Confused About Security Career

Sahil Arora

Hey Buddies!
I am From India,Sahil Currently Pursuin Graduation(BCA 2nd year) alongwith GNIIT in Hardware and Networking Domain.
Please help me in my Career:
1.I want to be on the top Position among Information Security Professionals.Please help me where to i start with,i searched a lot of Internet but didn't found anything Worth.
2.I don't have even Comptia A+ Certification since i just got only training from GNIIT.
Please give me Suggestions so that i can make my "Lovely Dream Become True"
Also i do have Questions regarding Servers,please help me in that too.
Please guys help me,i am really Confused

ccnaomkar

there are lot of certification

check below websites and then see what u want to do
EC COUNCIL-www.eccouncil.org/

ISC2-www.isc2.org/

GIAC-www.giac.org/

CISCO-www.cisco.com/web/learning/le3/ccie/security/

CHECKPOINT-www.checkpoint.com

OFFENSIVE SECURITY-www.offensive-security.com/

COMPTIA-certification.comptia.org/getCertified/certifications/security.aspx

INFORMATION ASSURANCE CERTIFICATION REVIEW BOARD

www.isaca.org/

Paraben's Computer Forensic Software and Training

Sahil Arora

That's Good that if you have given me all Certifications list,but please where do i start with and how do i reach the Top Security Position.

Priston

CompTIA Security+ is a good entry level certification.

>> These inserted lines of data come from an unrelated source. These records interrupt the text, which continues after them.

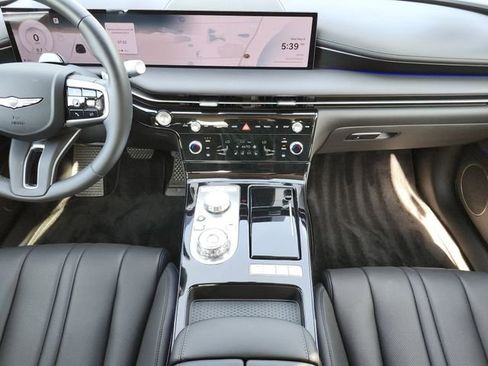 Used 2025 Genesis G80 2.5T AWD/4WD image 17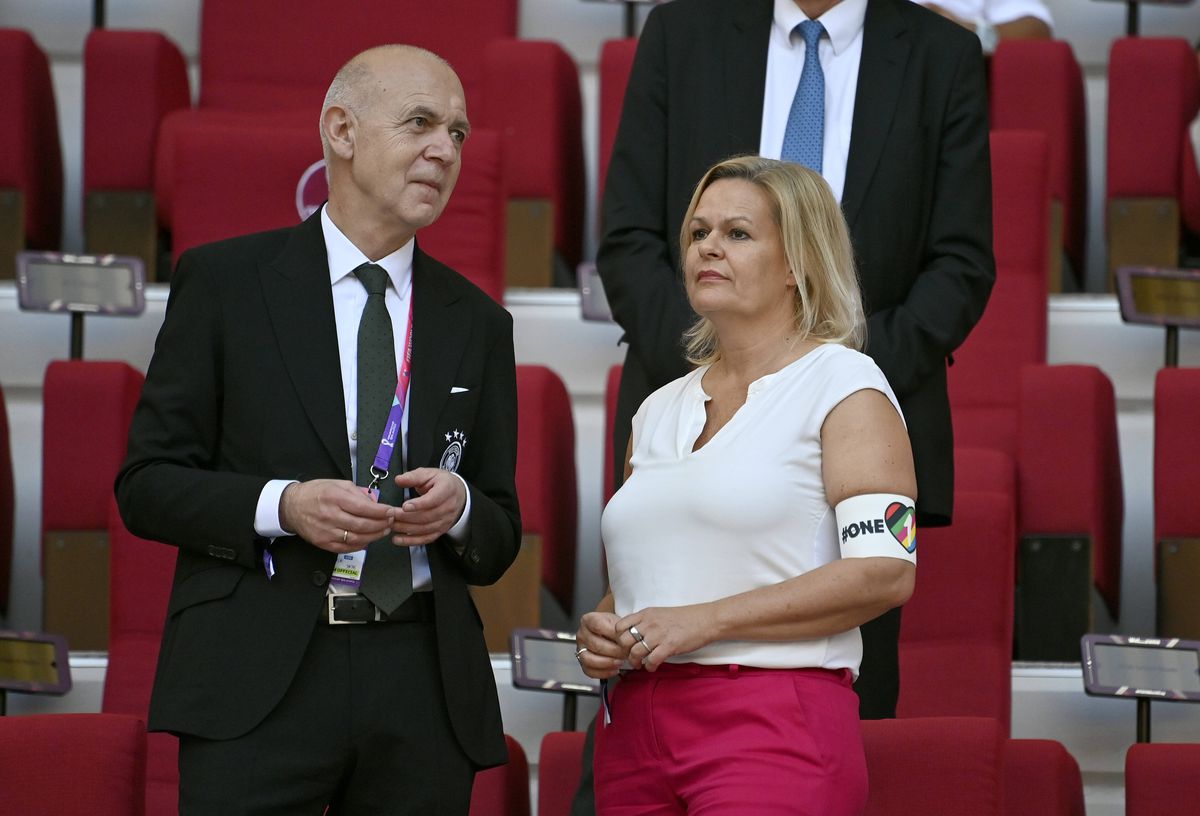 Ministrul Germaniei, gest sfidător în fața lui Infantino și a șeicilor! Imaginea din tribune e virală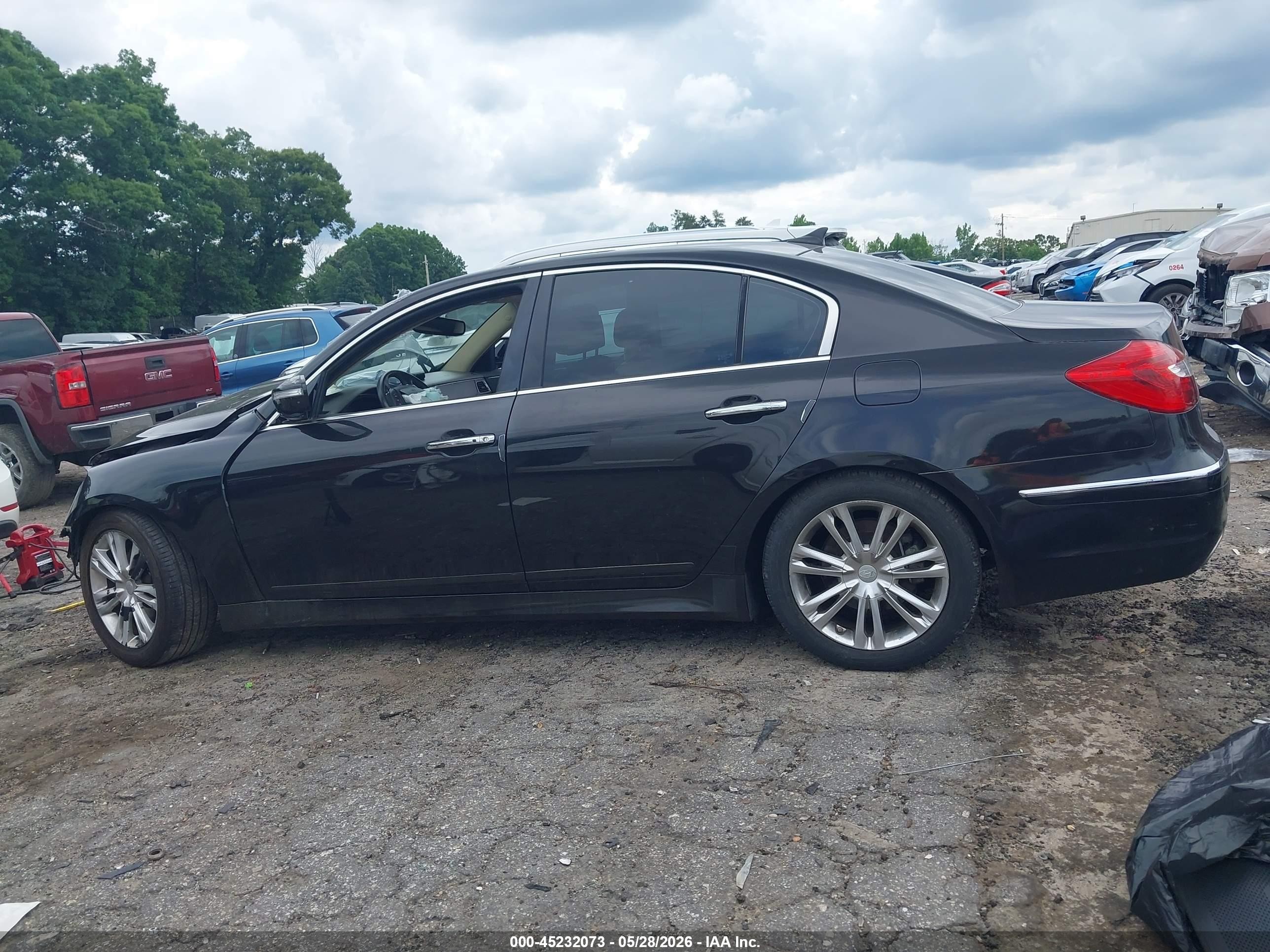 2014 Hyundai Genesis 3.8 Black vin: KMHGC4DD0EU264308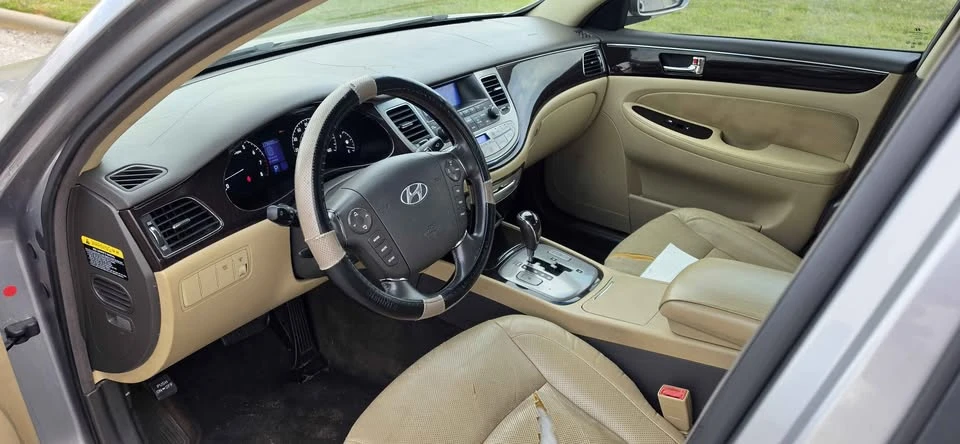 2009 Hyundai Genesis - Image 5 of 11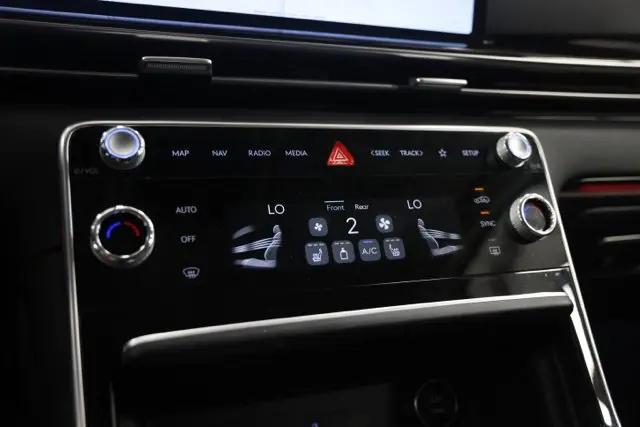 2025 Genesis GV80 2.5T Standard AWD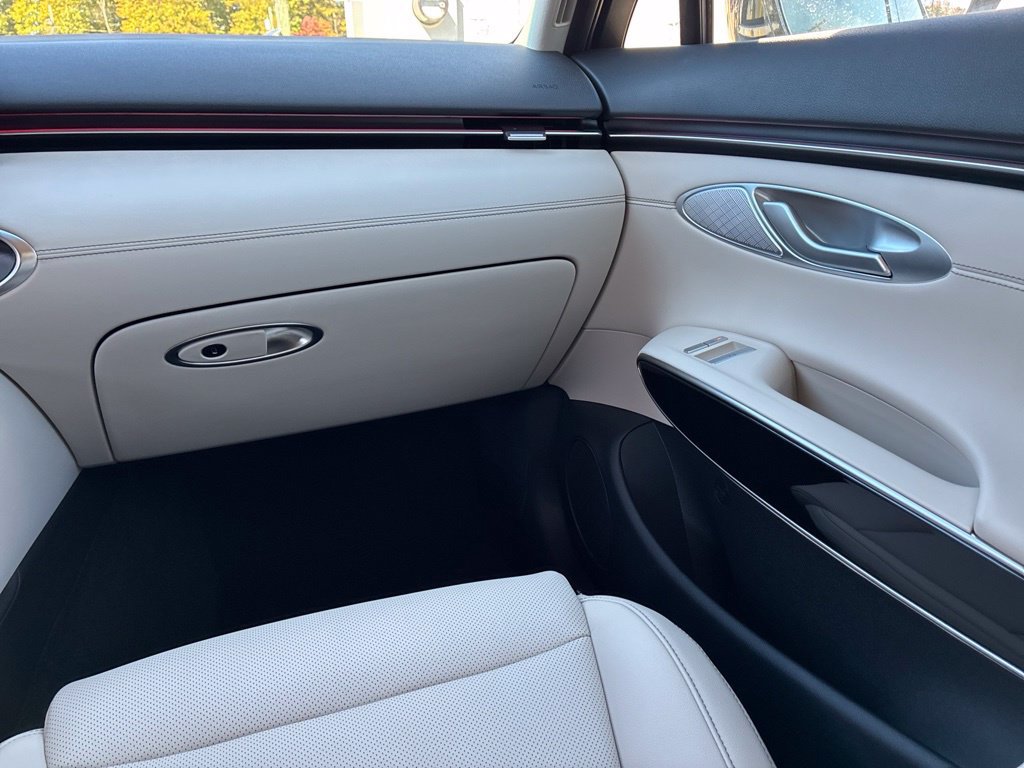 New 2027 Genesis GV70 2.5T AWD/4WD image 37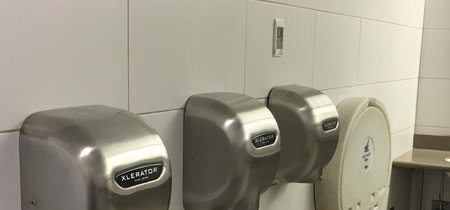 La desagradable verdad de los secadores de manos: no solo absorben las bacterias del baño, sino que las lanzan en nuestras manos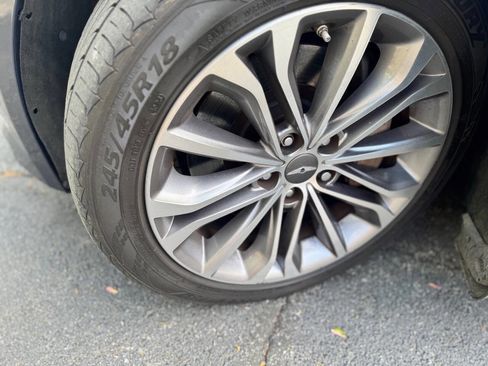 Used 2015 Hyundai Genesis 3.8 w/ Option Group 03 image 10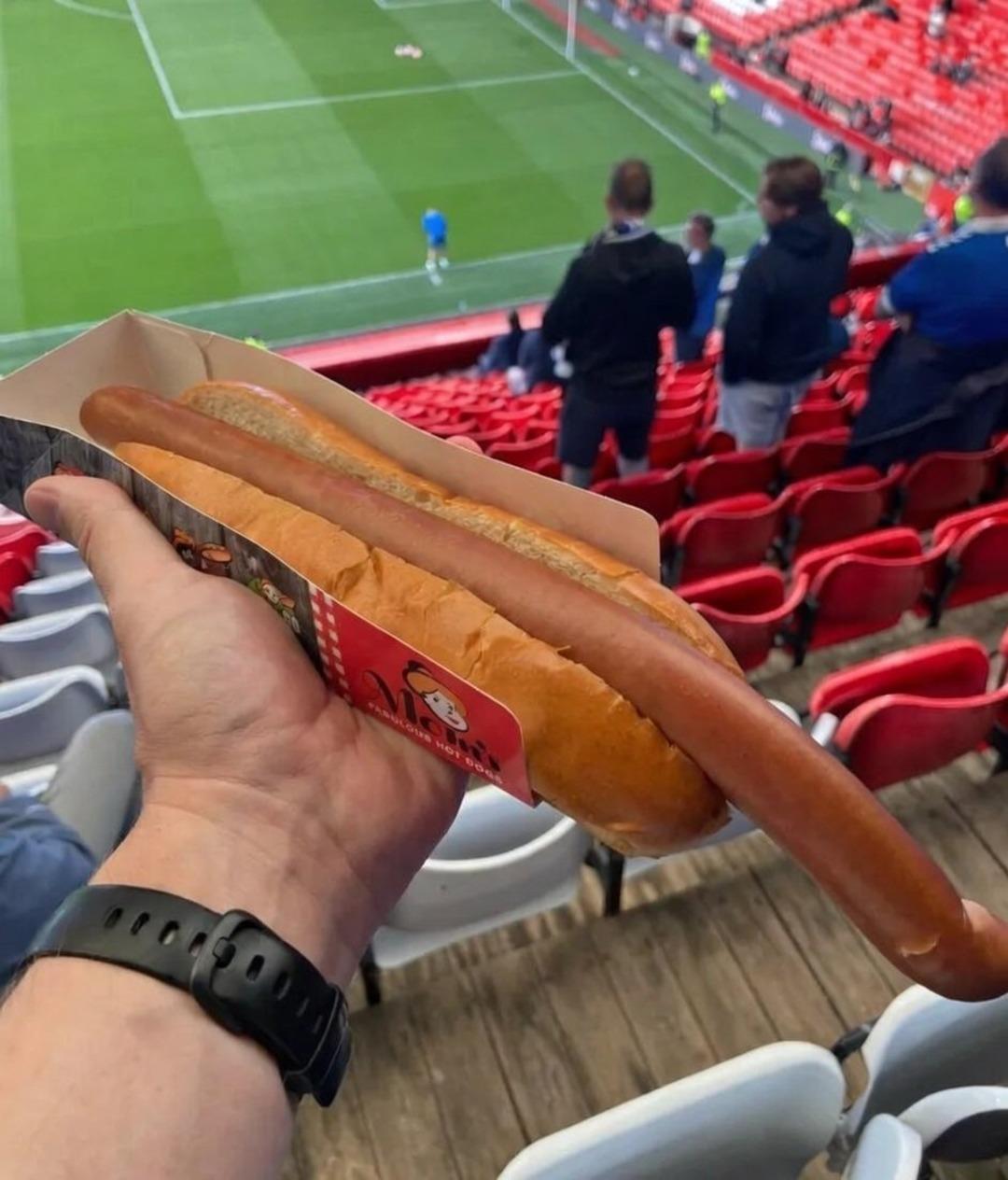 Nottingham Forest stadındaki sosislinin hem fiyatı hem de devasa boyutu sosyal medyada viral oldu 1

I don't think you should be worried about how to reach the top security position, what you should be worried about is how to actually get into the field and obtain work experience.

Once you have work experience, then you can worry about getting to the top.

rogue2shadow

If you do a quick search through this sub forum you'll definitely find some good threads on starting out. Theres a wide variety of security professionals on this forum and their words are rooted in those topics.

Sahil Arora

Priston wrote: »

CompTIA Security+ is a good entry level certification.

I don't think you should be worried about how to reach the top security position, what you should be worried about is how to actually get into the field and obtain work experience.

Once you have work experience, then you can worry about getting to the top.

How to get Experience,what Experience you are talking about Dude?
And i don't have Comptia A+ Certification,i am Eligible for Comptia Security Plus?

sb97

If you are in school then my usual advice is to find a paid internship either directly as a security professional or as some type of admin. In the meantime, try and figure out what area of security you would like to specialize in. From there it is much easier to set a patch to the top. As far as certifications go.... As previously stated, the Security+ is a good entry level. I would also consider some entry level vendor certs. (For instance, if network security is your thing then Cisco/Juniper/Sourcefire)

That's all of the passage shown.